An historical room with paintings on the wall.

Elizabeth Colomba

New York/France
Visual
Artist in Residence, 2019
www.elizabeth-colomba.com

A portrait of a person sitting in front of a canvas on an easel.

 

Artist Statement

Informed by historical and literary sources and iconography, I compose a visual language that incorporates my Caribbean and French heritage combined in the tradition of classical academic painting. As a part of my practice, I research historical characters such as Phillis Wheatley and Chevalier de Saint Georges immortalizing them as their contemporaries could have. My work allows portraiture to become a political space while honoring presence in a story where the black body was relegated to invisible subjects carrying the burden of history. Creating images that challenge our learned perception and unconscious reactions helps us to re-evaluate what we know.
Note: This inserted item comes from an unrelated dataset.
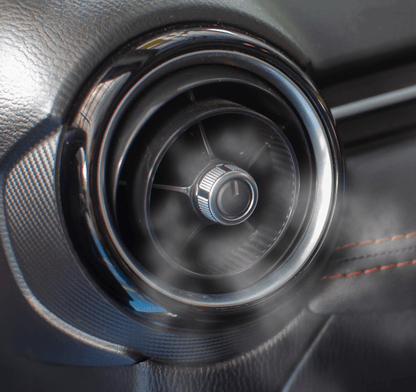 A close up of a car air vent with steam coming out of it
While acknowledging the past, I wish to bend an association of ideas, so a black individual in a period setting is no longer synonymous with a slave or subservient, and by extension becomes the center of their own tale.

While at Headlands

I’ve been cultivating the concepts of leisure, class, and blackness. While drawing my inspiration from classicism and European art, I want to explore what it is to see the black body embodying a space where it takes part in timeless lightness. In leisure, Blackness is seldom allowed to embrace leisure, as it might dangerously be perceived as indolent, while white cultural forms are universalized as normal forms. I’m interested in depicting how leisure choices are used to construct exclusive identities by having black characters occupying a space routinely inhabited by whiteness. My final project will be large watercolors. I have worked with this medium before, however always on a small scale. While at Headlands, I plan to develop the concept by drawing studies and sketches, navigating between different themes of leisure. A few will be outdoors, and the geographical setting of Headlands will allow me to use the landscape as inspiration.